Pounding the ball, looking for that break upfield while dodging or running over top athletes trying to take you down, is rather different from "running and cutting" in the park an hour before lunch--especially when deep in the 4th quarter, the game is on the line, and your calves and hands have been stamped on in pile after pile and your ankle has just been re-taped. Where's the adrenaline when practicing alone? How can running through tires and bumping dummies provide the route timing needed to catch passes on the run, or wait for a block to develop and then hit the hole full burst? How does your field vision develop in the gym?
Everyone who has played football or basketball or wrestled or ran track knows this. The intense competition pushes you to a different level.
Yes, it might be different than practice, but these guys have been playing football for how many years? 10? 15? You really think they need a meaningless preseason game to get into season mode and get their blood going?
It might be valuable for some, but some players can just come in and turn it on.

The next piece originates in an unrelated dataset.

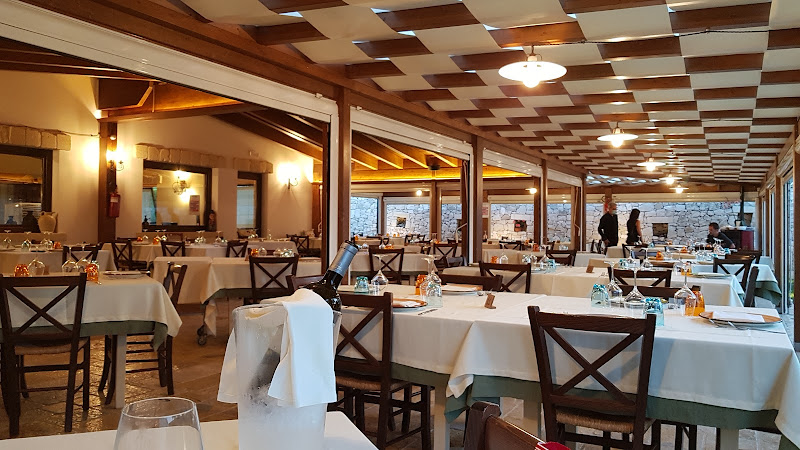 Ristorante Da Oronzino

Take last year, in the first game, he only 32 yards, but they also only gave him 10 carries, but then he had 87 against the Vikings, a top five rushing defense (granted only 3.2 YPC), 4.1 against the Bears and Ravens, both of whom were in the top half of the league in defensive YPCA, and Bell finished in the top ten in YPC among players with at least 200 carries and top 5 in players with 250 carries.
As far as your hit the hole, route timing, all that, some players, especially pros, don't need that practice because they've been doing it their entire lives. I played one down of receiver my entire life, which was my freshmen year and caught a touchdown passes, so, my sophomore year, the day of the wreck, they decided to play me at receiver too (I had only been a DB), and we had a practice that morning and I was running routes and catching passes from our QB like we were Division I college players, and it was just because I had that ability in me, even though I had never done it before. But you think Bell, who has been doing this all his life, can't come in and flip a switch?
(10-30-2018, 12:46 AM)Captain Obvious Wrote: Finally someone with some sense. If just running and cutting by yourself, gets you into football shape like Brad thinks, team practices wouldn't be as important. Most everyone that's already proved their worth would just skip all preseason games and stay at home and start running and cutting by themselves.
Teams practice to get in rhythm and to get in sync with each other, as well as to get plays down, which a running back really doesn't need because he's not really running routes with the QB which he would need to be in rhythm with him and he's not on the line blocking, so he doesn't need to be in sync with his other linemen on blocking schemes. He's not on defense, so he really wouldn't need to know where his teammates would be or what they could do, or how they'd be running schemes and things, so preseason is probably the least important for running backs and kickers.